Dezeen promotion: iconic objects, prototypes and designs that never made it into production will be among the 200 pieces that Vitra will present during Milan design week this month.
Curated by Austrian designer Robert Stadler, the Typecasting exhibition will take place inside La Pelota – a former sports hall in Milan.
For six days, the vast space will host a selection of pieces selected by Stadler from the Vitra archive.
Stadler plans to organise the objects in a way unrelated to their functions or the history of furniture. Aiming to examine the way furniture shapes people's lives and identities, he will group the objects according to the personality traits he feels they possess.
"This film-set-like display of iconic, forgotten and new Vitra objects is as much about furniture as it is about us," he said. "Along with its practical task, furniture has always had a representational function. As such, chairs can typically be read as personalities or portraits."
The designer describes these groupings as communities, in which iconic products will be displayed alongside prototypes and unsuccessful reject designs.
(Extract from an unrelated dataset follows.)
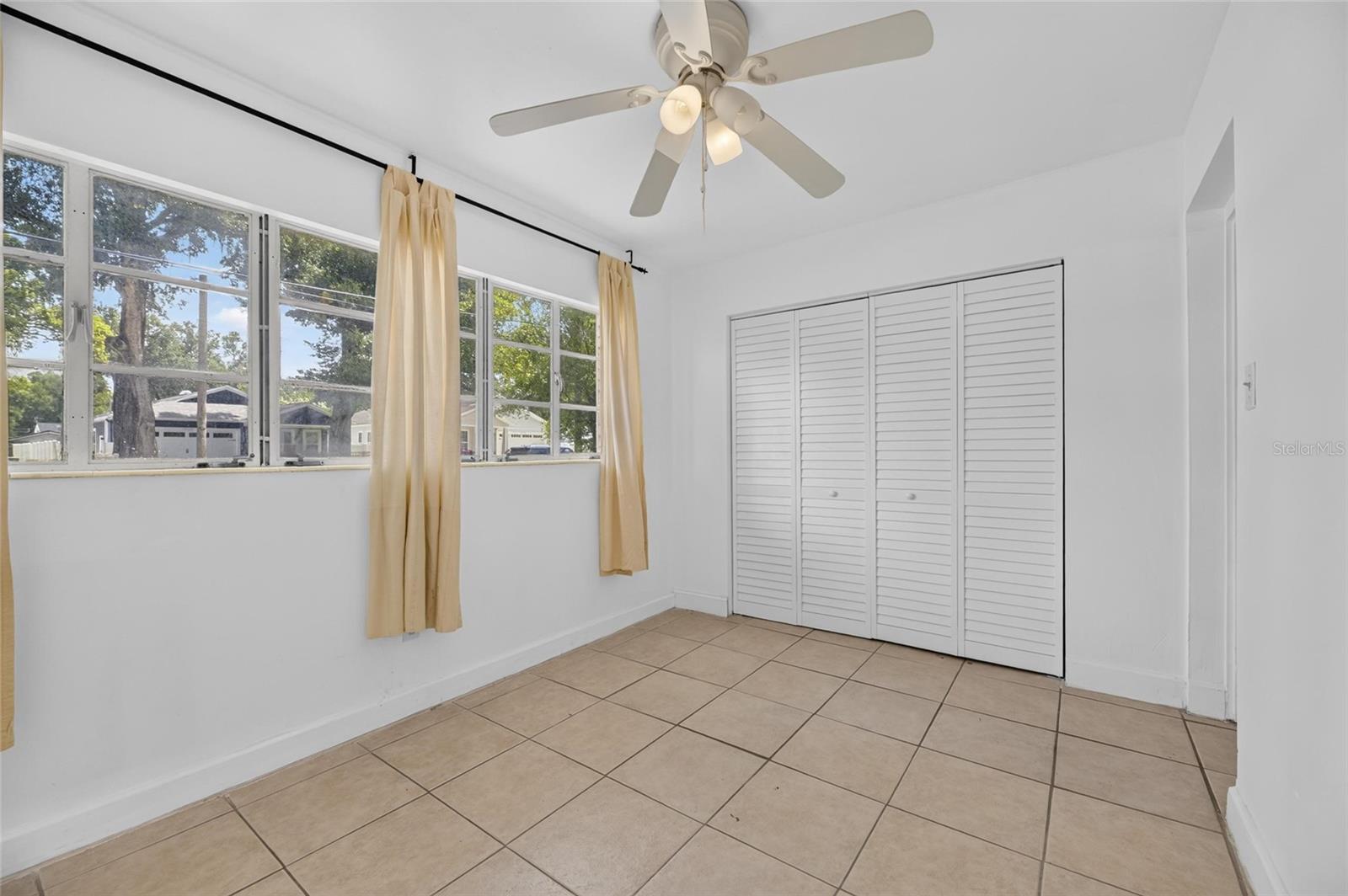 1005 E FLORA ST — photo 25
"This organising principle offers a new view of the broad range of objects Vitra has contributed to design," Stadler said. "As a transhistorical, non-hierarchical presentation, it combines different object typologies chosen from current and past production, special editions and prototypes."
"Looking at familiar objects through the lens of self-staging and image cultivation sharpens the perception of furniture's role in defining our personal and social profiles."
Stadler was born in Vienna, but lives and works in Paris. His past projects include an update on the classic bentwood bistro chair and a range of seating in tribute to French interior designer Jean Royère.
Some of the objects he has selected for the Typecasting exhibition include a blocky chair by American sculptor Scott Burton, a lamp by Japanese-American artist Isamu Noguchi and a stripy chair by Italian architect Antonio Citterio.
The exhibition will also feature proposals on a piece of furniture for collective living spaces titled The Communal Sofa, where designers including Konstantin Grcic, Barber and Osgerby, the Bouroullec brothers, as well as Stadler, will explore furniture typologies.
Vitra is a Swiss furniture company, with its headquarters based at a campus in Weil am Rhein, Germany. This campus also accommodates production facilities, as well as the Vitra Design Museum.
The Vitra Design Museum will also present new projects at La Pelota. This will include new pieces from its Miniatures Collection and a new reference book on modern furniture design named Atlas of Furniture Design, which will be published later in 2018.
Typecasting takes place at La Pelota on Via Palermo 10 from 17 to 22 April 2018.